Filmin en büyük eksiği kayda değer bir hikâyeye sahip olamaması. Kurgu bakımından da vasat bir örnek olan Son Mektup'un hikâyesi ders kitaplarında anlatılanlardan öteye geçemiyor. Film özgün bir bakış ve farklı bir yorum getiremezken, tarihin sayfaları arasında kalan binlerce trajik hikâyeyi es geçerek, savaşı son derece yüzeysel bir yorumla ele alıp, yalnızca milli duyguları okşamakla yetiniyor.
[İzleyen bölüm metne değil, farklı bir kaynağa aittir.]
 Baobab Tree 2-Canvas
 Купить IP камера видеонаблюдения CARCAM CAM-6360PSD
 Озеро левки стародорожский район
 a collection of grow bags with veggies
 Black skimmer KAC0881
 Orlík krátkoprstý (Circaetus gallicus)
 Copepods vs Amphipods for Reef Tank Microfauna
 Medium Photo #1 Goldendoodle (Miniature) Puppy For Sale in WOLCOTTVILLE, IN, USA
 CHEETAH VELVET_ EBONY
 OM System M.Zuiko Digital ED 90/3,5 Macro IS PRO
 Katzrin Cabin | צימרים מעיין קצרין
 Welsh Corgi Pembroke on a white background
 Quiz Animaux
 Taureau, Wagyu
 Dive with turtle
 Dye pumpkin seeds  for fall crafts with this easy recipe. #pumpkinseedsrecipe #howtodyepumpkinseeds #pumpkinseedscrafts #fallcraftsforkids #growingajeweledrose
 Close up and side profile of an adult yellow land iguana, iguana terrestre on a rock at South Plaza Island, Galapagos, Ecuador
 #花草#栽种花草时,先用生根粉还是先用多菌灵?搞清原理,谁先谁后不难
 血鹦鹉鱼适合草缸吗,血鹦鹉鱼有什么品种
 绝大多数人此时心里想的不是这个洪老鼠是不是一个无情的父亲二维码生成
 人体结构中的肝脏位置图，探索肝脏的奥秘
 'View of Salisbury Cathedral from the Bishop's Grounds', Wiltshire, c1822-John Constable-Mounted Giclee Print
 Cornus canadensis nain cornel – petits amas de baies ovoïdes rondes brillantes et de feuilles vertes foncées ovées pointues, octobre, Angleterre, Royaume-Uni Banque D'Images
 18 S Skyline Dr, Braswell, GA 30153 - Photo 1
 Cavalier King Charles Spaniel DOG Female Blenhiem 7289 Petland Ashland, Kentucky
Çanakkale Destanı'nı anlattığı belirtilen filmde ne yazık ki ciddi bir savaş göremiyoruz. Hayli büyük paraların harcandığı söylenen filmde kayda değer bir çatışma sahnesi olmazken, siperden düşman gemilerine ateş etmek dışında savaş ortamını yansıtacak bir aksiyon izleyemiyoruz. Çanakkale Savaş'ın trajik boyutuna dair önemli herhangi bir olayın olmadığı filmde, uçak pilotları dışında yabancı askerlere de rastlayamıyoruz.
Yüzbaşı Salih Ekrem ile Nihal Hemşire'nin aşkını savaş paralelinde işlemeye çalışan film ne yazık ki bu hikâyenin de hakkını veremiyor. Kararsız bir üslubun hâkim olduğu kurgu içinde kendine yer bulmaya çalışan iki gencin aşk hikayesi, finalde bir nebze hayat buluyor. Öte yandan finale doğru oyunculuğunu konuşturmaya başlayan Nesrin Cevadzade'ye eşlik eden Nesim Cangül, rolünün altından kalkabilmek için büyük çaba göstermiş.
Savaşın trajik boyutuna dair günümüze kadar ulaşan onca görüntü, fotoğraf, belge ve anılar ortada dururken Son Mektup, Çanakkale'de yaşananlara dair etkileyici bir bakış sunamıyor. Cephedeki askerlerin yeni doğan çocuklarını aynı nakaratla tekrar tekrar vurgulayan film dramı birkaç askerin evlat sevgisi ile zayıf bir aşk üzerine inşa ediyor. Film özellikle final sahnesindeki didaktik tavrı ile gerçek bir savaş filminden çok propagandist bir dili tercih ediyor.